Vers la fin des années 80, alors que je suis en cours dans une classe du collège de C., le Principal de cet établissement frappe à la porte et me dit :
"Tu dois te rendre à la Gendarmerie pour assurer la traduction de la garde à vue d'un ressortissant britannique habitant Y. Le traducteur officiel assermenté de la Justice est pris par ailleurs. C'est une réquisition. Je fais surveiller tes élèves".

Je quitte donc mon établissement et me rends à la Gendarmerie de C. Là, on m'explique en quoi consiste le travail : traduire avec précision toutes les questions du gendarme enquêteur, écouter la réponse du prévenu, Mr X, les traduire aux enquêteurs et s'assurer que le compte-rendu écrit qui en est fait est fidèle aux idées exprimées par le gardé à vue. On me précise que je suis tenu à l'obligation de réserve et que je ne dois pas divulguer ce qui est dit, c'est pourquoi je me contenterai ici de raconter comment se passe une garde à vue, sans donner aucun détail sur le fond de l'affaire, sauf le motif : culture illicite de cannabis, pour consommation personnelle ou pour commerce ?

A cette époque, la garde à vue à la française n'existait pas en Grande-Bretagne, où le prévenu était "kept in police custody" (gardé à disposition de la justice). D'ailleurs on disait en parlant de lui :"He's helping the police" (Il aide la police à établir la vérité).

La garde à vue commence le matin par une visite d'un docteur, qui attestera de l'état physique de Mr X. au début et à la fin de la journée.
La matinée se poursuit, avec son alternance de questions, réponses et traductions dans les deux sens.
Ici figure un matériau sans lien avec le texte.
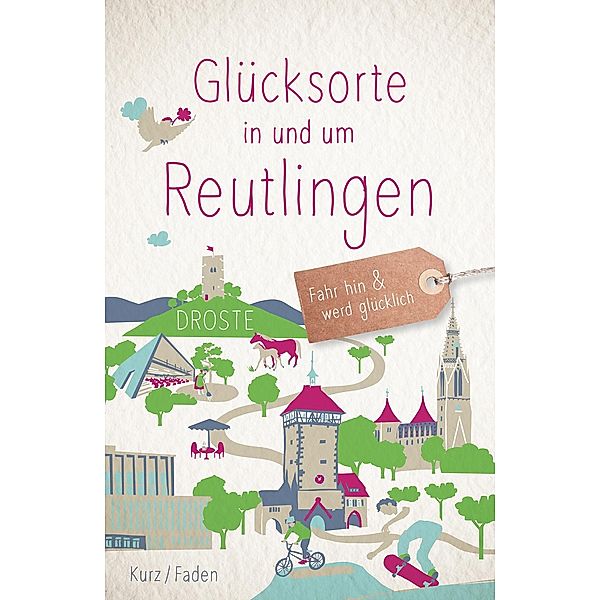 Glücksorte in und um Reutlingen, Uschi Kurz, Anne Faden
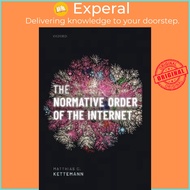 The Normative Order of the Internet : A Theory of Rule and Regulation O by Matthias C. Kettemann (UK edition, hardcover)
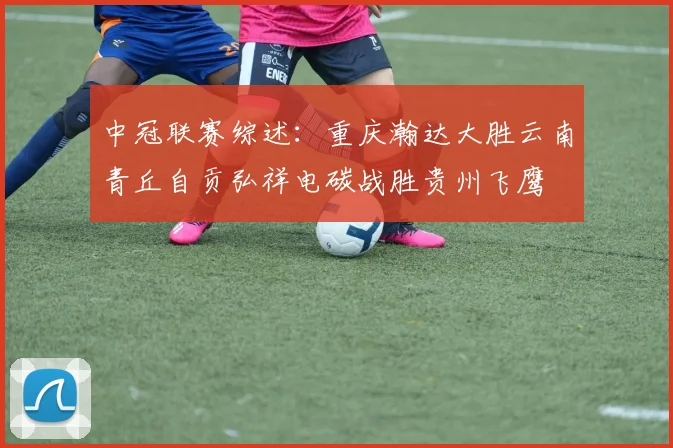 中冠联赛综述：重庆瀚达大胜云南青丘自贡弘祥电碳战胜贵州飞鹰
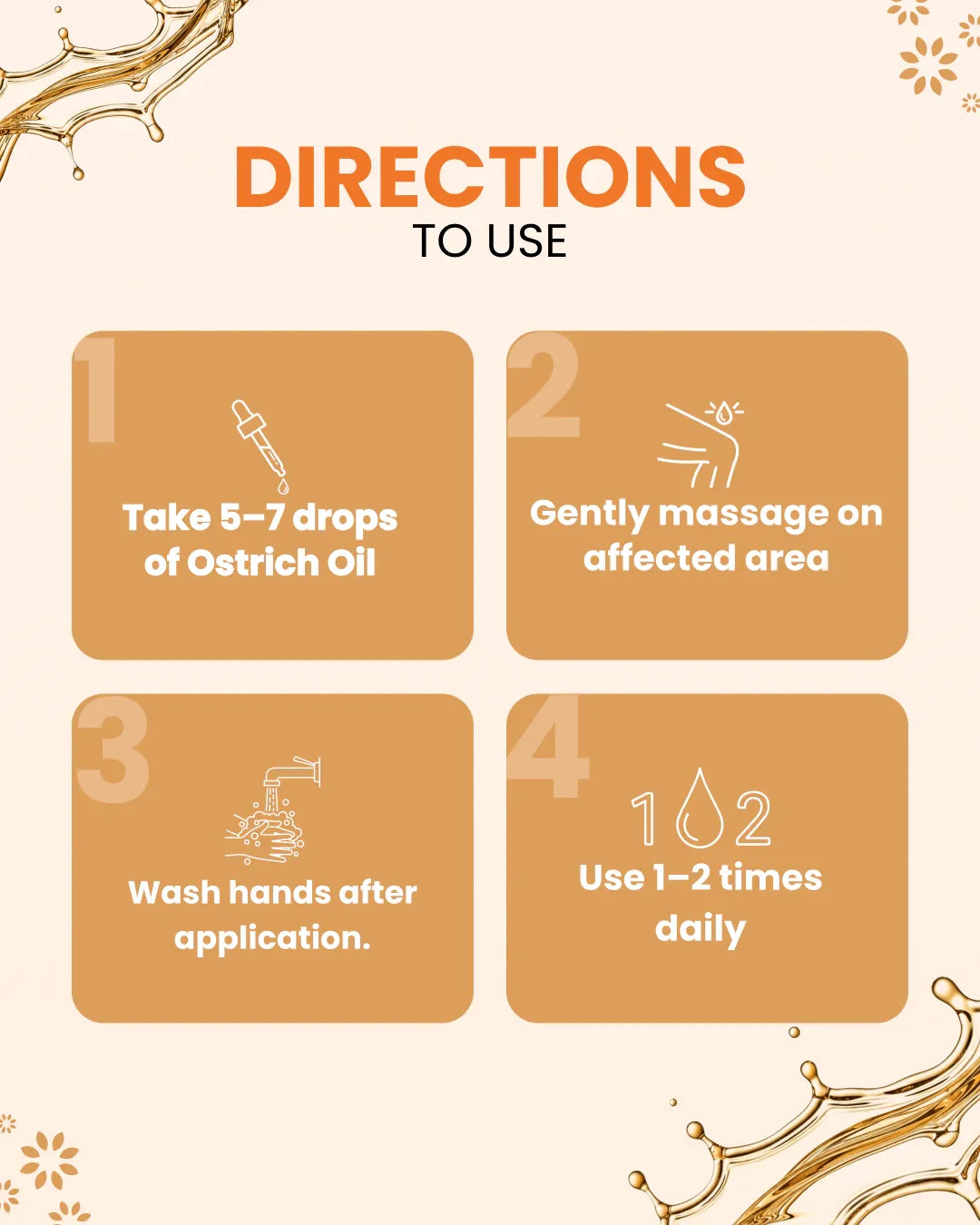 How to use Ostrich Oil: apply 5-7 drops, massage gently, wash hands, use 1-2 times daily for wellness.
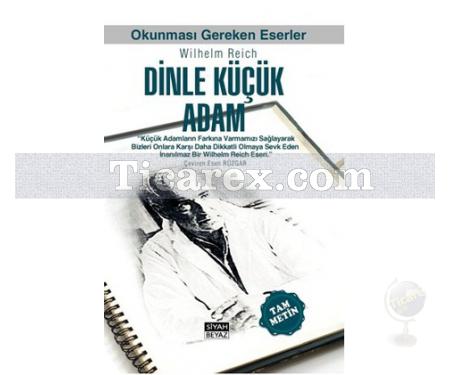 Dinle Küçük Adam | Wilhelm Reich - Resim 1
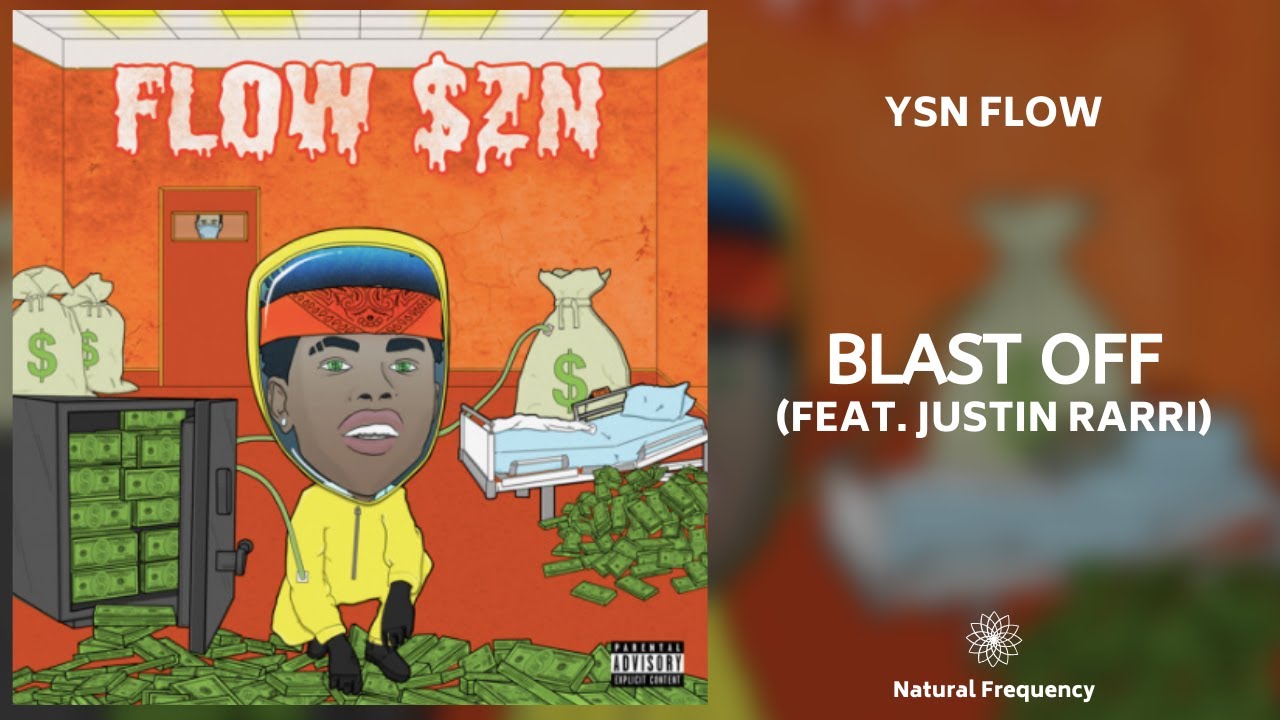 YSN Flow - Blast Off (feat. Justin Rarri) (432Hz)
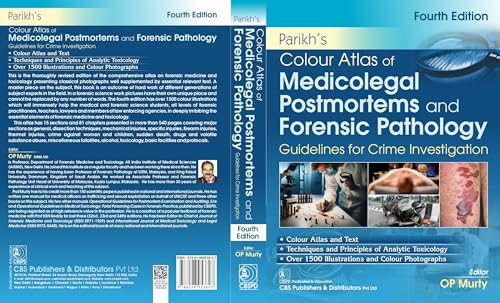 Parikh’s Colour Atlas of Medicolegal Postmortems and Forensic Pathology, 4/e Guidelines for Crime Investigation (HB 2025 ) - Retail Maharaj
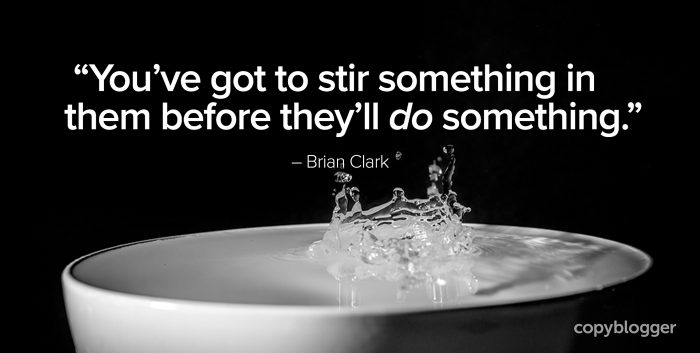 "You’ve got to stir something in them before they’ll do something." – Brian Clark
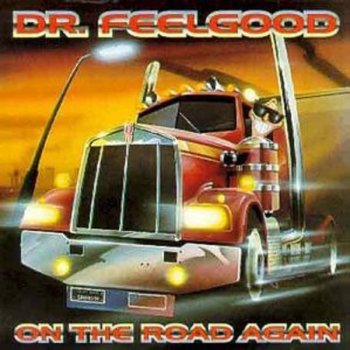 Dr. Feelgood World Keeps Turning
De nombreuses explications viennent s'ajouter aux traductions.
L'interrogatoire étant terminé, nous passons à la lecture et signature du procès-verbal écrit : lecture de chaque paragraphe par le gendarme, traduction, modifications éventuelles. Cet exercice demande une grande concentration, et il faut s'assurer que tout est bien clair. Chaque mot ayant son importance, il faut affiner les détails.
Vers midi, signature du procès-verbal. On m'apprend que l'après-midi sera consacré à la perquisition au domicile et visite de la plantation du prévenu. On me demande de me chausser de bottes.
Mr X. a droit à un plateau-repas et je pars déjeuner chez moi.

L'après-midi, nous partons en voiture de gendarmerie vers la commune de Y, où habite Mr X. La perquisition se déroule sans incident : je l'assiste en permanence et traduis systématiquement ses remarques, les questions des enquêteurs et ses réponses.
La deuxième partie de l'après-midi est plus champêtre : les gendarmes ont demandé l'assistance des pompiers de C., venus à plusieurs avec un camion tout-terrain. Nous nous rendons ensemble, gendarmes, prévenu, pompiers et traducteur, vers les bois proches, de type forêt de Double, avec pins, brandes, et ce que l'on appellerait en Saintongeais des "nauves" (vallons humides et insalubres). C'est justement dans ces petits vallons marécageux, disséminés parmi la végétation, qu'apparaissent les nombreux plants de cannabis. Il faut tous les arracher et en charger le camion des pompiers, sous le regard désolé de leur supposé planteur. mj.jpg
Nous devons maintenant revenir à la gendarmerie de C. Le prévenu monte avec les gendarmes : il n'y a plus rien à traduire. La cabine du camion de pompiers est complète : on m'invite à monter à l'arrière et je m'assieds sur le chargement de cannabis, dans l'odeur suave et enivrante de l'herbe juste arrachée.
Les pompiers me déposent près de la gendarmerie et se dirigent vers un terrain communal où ils vont incinérer leur chargement.
Je signe la fin de la garde à vue, et je rentre chez moi, d'où je peux observer une colonne de fumée qui monte vers le ciel.
L'affaire sera jugée quelques mois plus tard au tribunal d'Angoulême.